E3 06: Alone in the Dark impressions

After a long absence from the gaming world, classic survival horror series Alone in the Dark is back to terrify the control pad-wielding populace. Publisher Atari has let slip a teaser trailer, as well as few tantalizing details of the upcoming scare-fest.

The trailer is mostly a tech demo, showing off realistic, moody lighting full of mist and visible rays of light, and dangling only a few bloody hints as to what is going on. We spoke directly with Atari after seeing it, and were able to glean a few more hints about what's so creepy about New York's Central Park and what will set this game apart from the masses.

Taking a cue from TV shows like Alias and 24, the new Alone in the Dark will adopt a form of episodic storytelling, as opposed to the film-like storytelling most games use. This subtle change should yield a more sustained pace with tons of cliffhanger moments, and should also enable the player to play in smaller doses, but still feel fulfilled. Developer Eden games is even crafted bumpers for each episode that will show you what has happened previously, as well as what will happen soon. Downloadable episodes are also possible.

The story stars ex-detective Edward Carnby - yes, the same hero from the original Alone in the Dark. Somehow, he's not dead or even older, even though the first game took place in like, 1920. We're told there's actually a reason for this, and it'll be explained in the game.

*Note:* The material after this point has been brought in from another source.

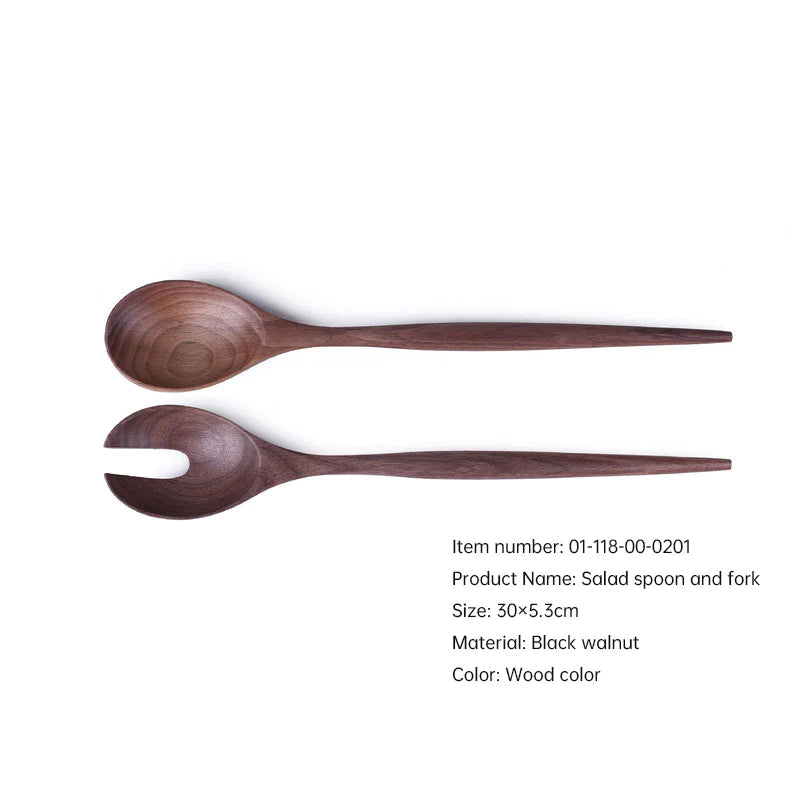 Load image into Gallery viewer, Imported Nordic Style Black Walnut Wooden Kitchen Utensils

He's investigating something odd about Central Park - after all, isn't it strange that there's a vast, lushly forested park in the middle of a city so desperate to utilize every square inch of real estate it can?

The specifics of Carnby's search are unclear; we're told only that they center around paranormal events linked to the after-life. More specifically, if the presence of a spiky, humanoid monster covered in blood in the trailer is anything to go by, he might be investigating something escaping the afterlife. Just a theory.

At any rate, the promise of a grisly story and a go-anywhere, explore as you see fit, yet still episodic version of Central Park (complete with zoo, museum, and reservoir) has us thinking there will be a lot of us entering the park "alone" early next year.